I was, and I realized that as I sat there listening to these teenagers ramble on about their classmates and teachers. It’d be interesting to see in 10-15 years after a couple of more years under their belts having lived life away from home, hopefully, and possibly having started their first job, maybe started a family of their own, or, the ultimate burn, they are teachers themselves. They might be thinking reading this (I doubt they’re reading this), “No way, man. No way am I going to be a boring teacher. I’m going to be a doctor or lawyer or engineer, or something cool.” Yup. Life is that simple.
Comedian Nick Swarsdon has a bit talking about what would happen if people had to become the very first thing they thought of to be when they grew up. He says it would be crazy because there would be ninjas, princesses, and race car drivers running the world. You can look up his stand up on YouTube on your own. It isn’t exactly family friendly, so I am not going to post a link.

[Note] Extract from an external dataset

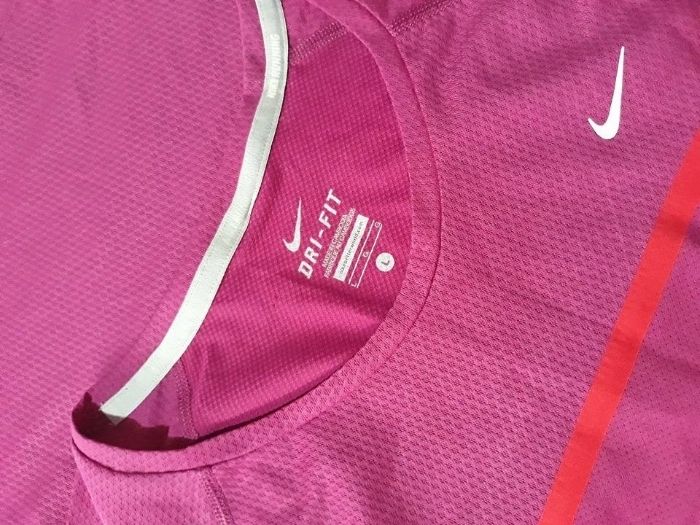 NAIKI -Нова Тениска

Obviously, there is nothing wrong with being doctors, lawyers, or engineers, or ninjas, princesses, and race car drivers, for that matter. And there is nothing wrong with dreaming to be any of those things, even rappers. I remember being that age and having that perspective. I think about that often when I talk to Tasha’s cousins: that it wasn’t all that long ago that I dreamed similar dreams for my career, or had a similar perspective on my teachers, or had every word to say about my classmates. In fact, I have every word to say about a couple of my coworkers without having the perspective of their point of view or taking any time to get to know them or walk in their shoes. And when I was in high school, I didn’t want to be a rapper, but there was a period of time I wanted to be and thought I could be a professional snowboarder without putting in 10,000 hours. Maybe not as far-fetched, but just as unlikely. Possible but not probable, as a professor of mine would say.

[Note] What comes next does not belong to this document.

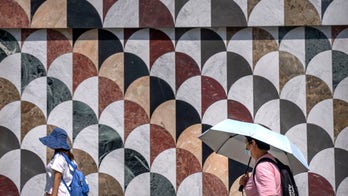 Beijing residents experience multi-day record temperatures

Life is a process and a journey. I hope this isn’t the first place you hear that the best part of life isn’t the destination but the process and the journey of finding out who you are. I went to college with the aspirations of becoming a dentist. I’m glad that didn’t work out. I would probably have been okay at the dental work part, but the part of working with patients and the part of trying to get them to do the work they needed to be healthy would drive me crazy. I would probably take it too personal and drill a little too hard. It also wasn’t too long ago I thought about getting my Ph.D. I’m glad that also didn’t work out.
So this Thanksgiving I’m thankful for personal growth, that it’s possible, that there’s a choice we can all make. We all can choose to evolve with our circumstances or not. Roll with the punches. That in all aspects of life-mental, emotional, physical, and spiritual-we are all in process learning and, hopefully, learning from each other how to be human.